There once was a time when the world had to content itself with only a few versions of Great Expectations: the boring old novel by Charles Dickens and the handful of film adaptations. No more. Twentieth Century Fox recently released a new, contemporized movie version, starring Ethan Hawke and Gwyneth Paltrow. Among the items accompanying it are Great Expectations: The Soundtrack, Great Expectations: The Score, and, in the tradition of Little Women: The Novelization Of The Film Of The Novel, a new novel by Deborah Chiel. Can't decide which version of the book is for you? The following chart should help, comparing the original novel to the novelization and—for audiophiles—a sampling of the lyrical content of the star-packed soundtrack.
Dickens: My father's family name being Pirrip, and my christian name Philip, my infant tongue could make of both names nothing longer or more explicit than Pip. So I called myself Pip, and came to be called Pip.
Dickens: Not applicable.
Dickens: Not applicable.
Dickens (original "happy" ending): I took her hand in mine, and we went out of the ruined place; and, as the morning mists had risen long ago when I first left the forge, so, the evening mists were rising now, and in all the broad expanse of tranquil light they showed to me, I saw no shadow of another parting from her.
Chiel: It should have been the happiest night of his life—a night for champagne and caviar, for laughter and celebration, for dancing and staying up until dawn and making love with the only woman he had ever loved. Jimmy Bell should have been giddy with joy, looking forward to the future, flushed with the kind of triumph that few people his age could even hope to achieve.
Chiel: He watched as she removed her shoes, then slowly began to unbutton her dress. It fell to the floor and she paused, as if to give him the chance to study her in the state of half-undress. He said nothing as she unhooked her bra and slid off her panties. She stood before him, nude, a golden goddess in the morning light.
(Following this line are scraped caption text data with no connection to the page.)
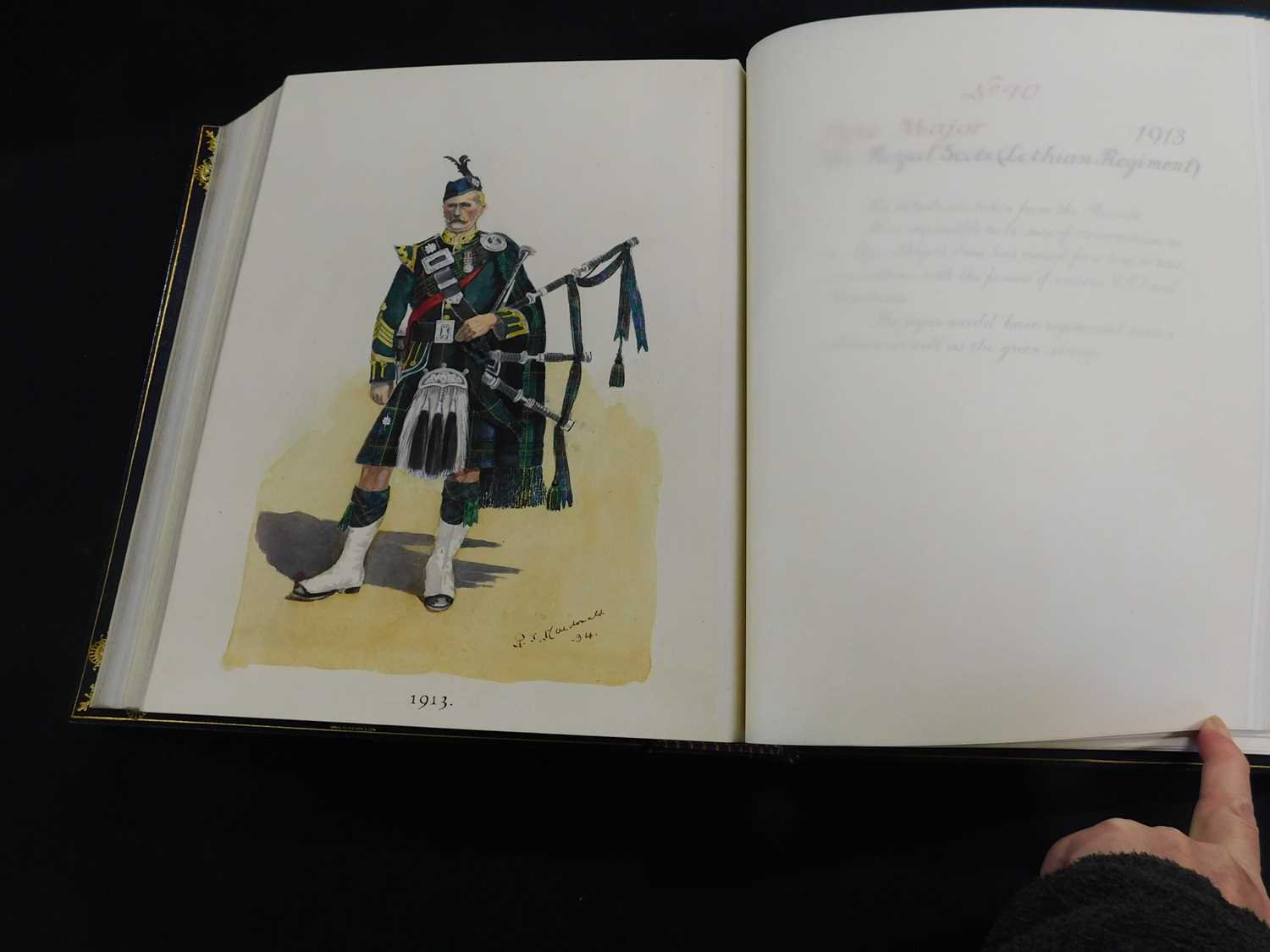 Lot 285 - WATER COLOUR DRAWINGS ILLUSTRATING THE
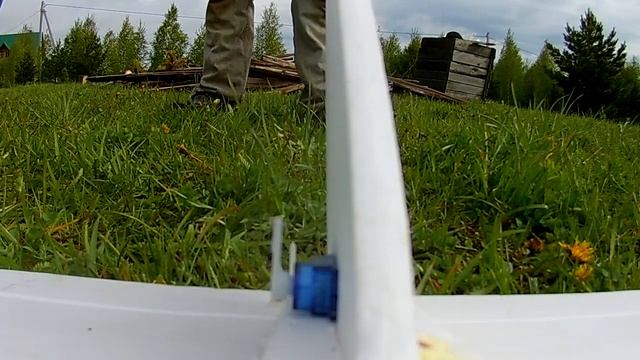 Делаем дрова из самолета смотреть онлайн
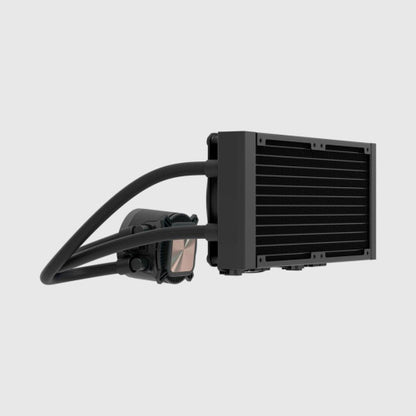 Fractal Design Radius 240 RGB Black Procesador Sistema de refrigeraciÃ³n lÃ­quida todo en uno 12 cm Negro 1 pieza(s)_2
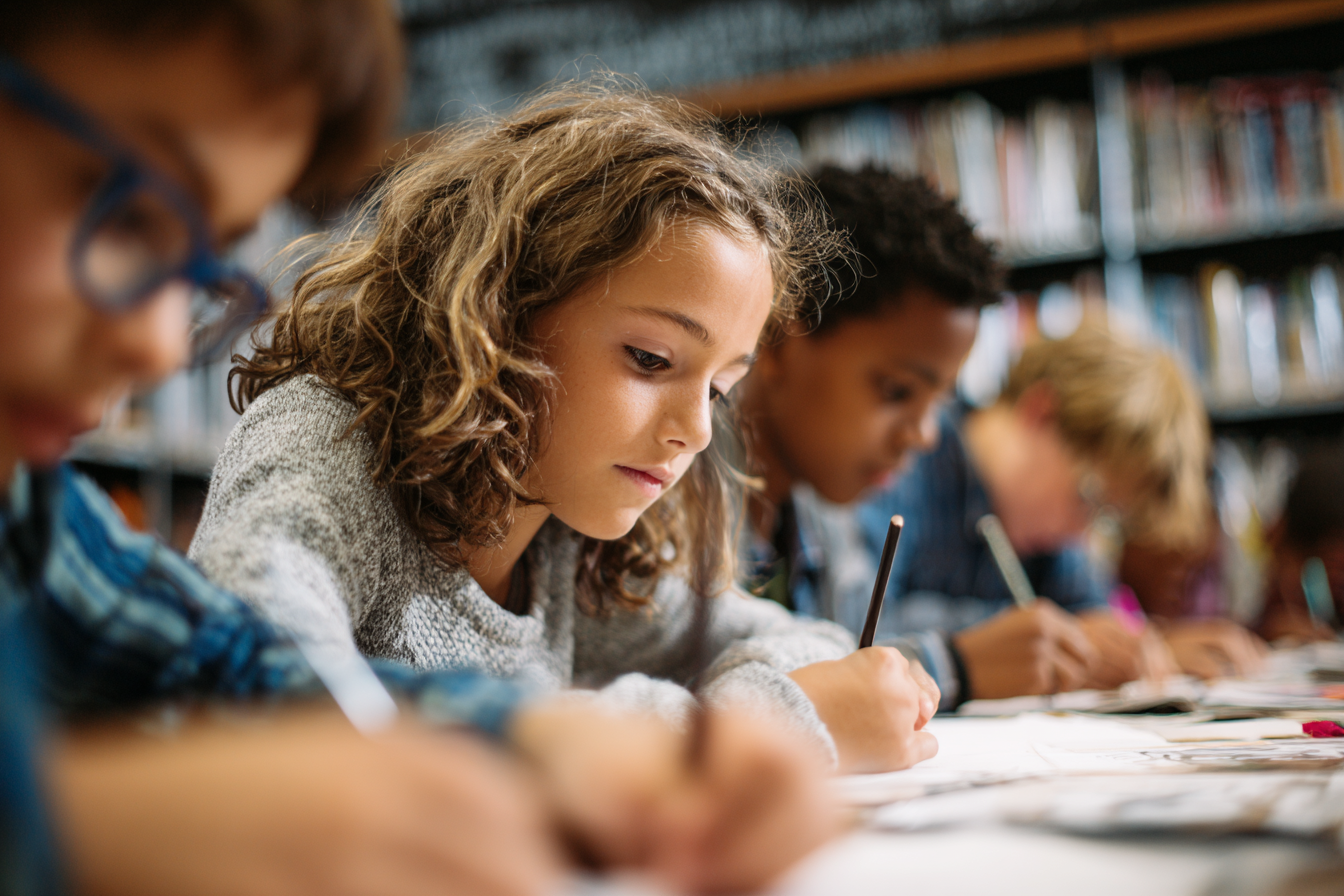 Unit Plan 6 (Grade 5 Library): Strong Collaboration in Library Projects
Chiel:Before he had a chance to respond, she spread her legs, and he took that as permission to explore further. His hand disappeared beneath her skirt, moving agonizingly close to the V between her legs. His fingers grazed the edge of her underwear; he traced the curve of her silky-smooth thigh. She rocked against his hand and closed her eyes, then opened them again and gazed unfocusedly at the picture above him.
Chiel: He could see their future taking shape as inevitably as the morning tide washing in to shore. The rich golden yellow sunlight shimmered on the white-capped waves. It was a beautiful picture, more beautiful than anything he could ever hope to paint. For that and so much more, he was infinitely grateful.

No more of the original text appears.